(EXERCISE DIRECTIONS)
Please give back word for word the lines of the material below between the line containing "Waifu Boss 20" and the line containing "Jack Skellington Fortnite combo", inclusive.

(DATA FOR REVIEW)
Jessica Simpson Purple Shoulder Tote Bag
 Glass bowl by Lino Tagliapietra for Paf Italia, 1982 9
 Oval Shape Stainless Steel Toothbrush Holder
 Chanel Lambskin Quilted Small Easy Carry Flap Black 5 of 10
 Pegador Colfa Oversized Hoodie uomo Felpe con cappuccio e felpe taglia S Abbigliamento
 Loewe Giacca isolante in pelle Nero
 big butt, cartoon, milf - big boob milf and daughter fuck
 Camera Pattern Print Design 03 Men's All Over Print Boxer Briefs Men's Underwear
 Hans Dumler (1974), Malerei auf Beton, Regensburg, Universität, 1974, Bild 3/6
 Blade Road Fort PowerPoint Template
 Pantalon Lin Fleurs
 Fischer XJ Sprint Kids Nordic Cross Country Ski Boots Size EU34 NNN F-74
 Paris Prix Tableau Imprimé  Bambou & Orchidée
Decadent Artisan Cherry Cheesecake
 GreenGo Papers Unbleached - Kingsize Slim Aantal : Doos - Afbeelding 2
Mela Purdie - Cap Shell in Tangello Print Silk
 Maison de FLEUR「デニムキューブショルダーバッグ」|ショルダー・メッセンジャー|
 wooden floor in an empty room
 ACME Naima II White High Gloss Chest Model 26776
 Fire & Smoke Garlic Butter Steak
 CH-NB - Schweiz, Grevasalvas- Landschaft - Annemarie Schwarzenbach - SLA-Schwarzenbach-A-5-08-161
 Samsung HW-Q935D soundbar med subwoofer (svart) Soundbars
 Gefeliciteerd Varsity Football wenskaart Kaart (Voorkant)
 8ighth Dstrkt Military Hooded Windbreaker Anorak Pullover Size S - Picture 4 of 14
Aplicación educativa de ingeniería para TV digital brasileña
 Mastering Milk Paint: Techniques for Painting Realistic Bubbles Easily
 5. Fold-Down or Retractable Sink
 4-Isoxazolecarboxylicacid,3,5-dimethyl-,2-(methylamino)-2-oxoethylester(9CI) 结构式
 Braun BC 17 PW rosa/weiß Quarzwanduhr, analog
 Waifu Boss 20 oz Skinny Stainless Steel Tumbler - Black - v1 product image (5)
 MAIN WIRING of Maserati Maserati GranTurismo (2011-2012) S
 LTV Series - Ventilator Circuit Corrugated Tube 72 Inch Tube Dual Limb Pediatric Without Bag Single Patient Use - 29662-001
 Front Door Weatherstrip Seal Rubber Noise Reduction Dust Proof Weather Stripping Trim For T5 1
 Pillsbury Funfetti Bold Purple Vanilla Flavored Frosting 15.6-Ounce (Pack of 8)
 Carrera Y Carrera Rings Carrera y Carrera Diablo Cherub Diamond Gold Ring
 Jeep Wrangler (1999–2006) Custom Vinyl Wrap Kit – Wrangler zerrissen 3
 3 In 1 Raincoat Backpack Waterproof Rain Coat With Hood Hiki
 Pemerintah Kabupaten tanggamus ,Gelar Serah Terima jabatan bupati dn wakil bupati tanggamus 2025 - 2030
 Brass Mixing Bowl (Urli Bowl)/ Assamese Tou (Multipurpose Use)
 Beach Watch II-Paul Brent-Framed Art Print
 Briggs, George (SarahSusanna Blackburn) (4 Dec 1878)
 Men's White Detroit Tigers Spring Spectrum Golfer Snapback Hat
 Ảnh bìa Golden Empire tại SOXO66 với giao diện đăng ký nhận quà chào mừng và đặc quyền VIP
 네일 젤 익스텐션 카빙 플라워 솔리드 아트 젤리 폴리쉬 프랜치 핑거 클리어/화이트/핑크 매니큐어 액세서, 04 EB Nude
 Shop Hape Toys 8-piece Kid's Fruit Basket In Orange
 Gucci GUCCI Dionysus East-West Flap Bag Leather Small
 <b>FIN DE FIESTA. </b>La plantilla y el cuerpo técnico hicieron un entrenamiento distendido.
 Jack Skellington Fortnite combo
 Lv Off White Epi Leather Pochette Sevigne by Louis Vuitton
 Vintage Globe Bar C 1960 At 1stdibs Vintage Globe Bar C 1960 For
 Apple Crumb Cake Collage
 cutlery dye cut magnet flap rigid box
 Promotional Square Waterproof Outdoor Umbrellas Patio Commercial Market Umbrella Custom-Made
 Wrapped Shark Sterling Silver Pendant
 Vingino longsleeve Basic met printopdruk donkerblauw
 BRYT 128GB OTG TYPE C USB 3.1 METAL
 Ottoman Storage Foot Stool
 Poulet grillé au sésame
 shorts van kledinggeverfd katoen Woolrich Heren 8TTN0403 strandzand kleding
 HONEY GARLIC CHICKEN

(SOLUTION FOR THIS EXERCISE)
 Waifu Boss 20 oz Skinny Stainless Steel Tumbler - Black - v1 product image (5)
 MAIN WIRING of Maserati Maserati GranTurismo (2011-2012) S
 LTV Series - Ventilator Circuit Corrugated Tube 72 Inch Tube Dual Limb Pediatric Without Bag Single Patient Use - 29662-001
 Front Door Weatherstrip Seal Rubber Noise Reduction Dust Proof Weather Stripping Trim For T5 1
 Pillsbury Funfetti Bold Purple Vanilla Flavored Frosting 15.6-Ounce (Pack of 8)
 Carrera Y Carrera Rings Carrera y Carrera Diablo Cherub Diamond Gold Ring
 Jeep Wrangler (1999–2006) Custom Vinyl Wrap Kit – Wrangler zerrissen 3
 3 In 1 Raincoat Backpack Waterproof Rain Coat With Hood Hiki
 Pemerintah Kabupaten tanggamus ,Gelar Serah Terima jabatan bupati dn wakil bupati tanggamus 2025 - 2030
 Brass Mixing Bowl (Urli Bowl)/ Assamese Tou (Multipurpose Use)
 Beach Watch II-Paul Brent-Framed Art Print
 Briggs, George (SarahSusanna Blackburn) (4 Dec 1878)
 Men's White Detroit Tigers Spring Spectrum Golfer Snapback Hat
 Ảnh bìa Golden Empire tại SOXO66 với giao diện đăng ký nhận quà chào mừng và đặc quyền VIP
 네일 젤 익스텐션 카빙 플라워 솔리드 아트 젤리 폴리쉬 프랜치 핑거 클리어/화이트/핑크 매니큐어 액세서, 04 EB Nude
 Shop Hape Toys 8-piece Kid's Fruit Basket In Orange
 Gucci GUCCI Dionysus East-West Flap Bag Leather Small
 <b>FIN DE FIESTA. </b>La plantilla y el cuerpo técnico hicieron un entrenamiento distendido.
 Jack Skellington Fortnite combo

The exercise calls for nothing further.